Kalau hanya sepersekian dana triliunan seperti itu digunakan untuk
membangun angkutan masal yang modern, efeknya sangat besar dan
revolusioner. Jakarta/Indonesia akan punya bis-bis modern sebagus
Singapura or even better, sekelas negara-negara maju dunia, dan
bahkan juga bisa digratiskan untuk rute-rute tertentu atau waktu-waktu
tertentu. Transportasi Jakarta akan memiliki armada transportasi
berkelas dunia yang canggih, modern, super efisien, mengkilat,
cemerlang. Kereenn!! Indonesia masa depan sudah dimulai di Jakarta!

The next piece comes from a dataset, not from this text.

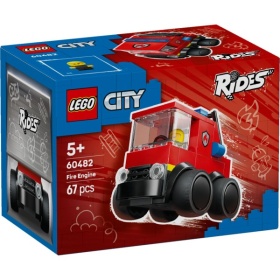 Lego City Brick Rides 60482 Voertuigen Brandweerwagen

6. TOL LAYANG ITU NGANGGU PEMANDANGAN !
View itu penting buat kenyamanan, ketenangan batin, dan tentu saja, nilai properti. Tol ini juga akan
dibangun sebagai jalan layang, jadi berada di atas. Ini akan membuat
rumah-rumah dan bangunan di bawahnya akan terganggu view dan mataharinya. Bayangkan rumah anda berada di bawah jalan tol! Tidak bisa lagi melihat langit yang biru yang indah... no sunset, no sunrise, no sunshine, no moon and stars, aseli
cuma tiang beton.. Bayangkan kalau yang terkena dampak seperti ini
pejabat-pejabat PU yang kita cintai! Nilai rumah jelas akan drop,
belum lagi tempat-tempat usaha bisa turun labanya bahkan merugi. Dengan
pembangunan 6 tol sepanjang 70 km, berapa rumah dan tempat usaha yang
harus dikorbankan?
7. "MAKAN TEMPAT"
Tol
yang lebar dan panjang akan menghabiskan banyak tempat, yang selain
benefitnya tidak ada, juga akan mengurangi ruang-ruang yang punya
potensi besar menjadi ruang publik yang menyenangkan, seperti
taman dan beragam ruang kreatif. Pemerintah Korea Selatan punya
pengalaman yang baik tentang ini yaitu revitalisasi sungai
Cheonggyecheon. Disana jalan layang malah dibongkar, sungai dibawahnya
direvitalisasi jadi public space yang woooww, keterlaluan indahnya!!!
8. NGEREPOTIN !
Pertama, bikinnya repot. Kedua, berapa banyak rakyat yang harus dipindah, dan digusur. Ketiga,
rakyat yang digusur untuk
kepentingan perusahaan yang mau mengejar laba, apa mereka ndak akan
marah nih? Ini bisa memunculkan resistensi yang beresiko lho.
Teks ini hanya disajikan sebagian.